Back to Choucroute. Why do I think it should join the Super Bowl spread? There are several reasons. First, forget it’s French. Here in U.S. hot dogs are often covered with a blanket of sauerkraut and mustard. Choucroute garnie is just a tricked out version. Second, it feeds a crowd. It’s full of pork—manly, football pork. And third, it can be made ahead of time, either in the oven or—my favorite—in a crockpot. Best of all, the succulent components can be piled into a roll with some hearty brown mustard, making one delicious sandwich.
It is simple to make. A few steps are added to the familiar pork and sauerkraut casserole, wine is added as a braising liquid, and an assortment of smoked and unsmoked pork, bacon, and sausages are layered with sauerkraut until the pot is filled.
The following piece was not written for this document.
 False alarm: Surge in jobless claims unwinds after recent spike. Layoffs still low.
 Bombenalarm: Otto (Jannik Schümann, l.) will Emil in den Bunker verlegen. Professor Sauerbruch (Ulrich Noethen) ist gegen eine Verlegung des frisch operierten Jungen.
A few spices are added, then it braises for several hours. Done. Choucroute traditionally is served with boiled potatoes; mashed potatoes are equally delicious.
A few tips.
- Use fresh, barrel sauerkraut if you can find it. Second choice is the sauerkraut packed in plastic bags found in the refrigerator section of your supermarket. Last is canned sauerkraut. (I was raised on canned sauerkraut so I’m not going to be a snob about this. But I have easy access to barrel sauerkraut so I take advantage of that.)
- There is no “right” meat to use, just be sure to use both fresh and smoked pork products. I have used slab bacon, fresh pork chops, and kielbasa; or pork ribs, smoked pork chops, bratwurst, veal sausages, and kielbasa; and pork loin, bacon, ham, and kielbasa. (Always kielbasa for me.)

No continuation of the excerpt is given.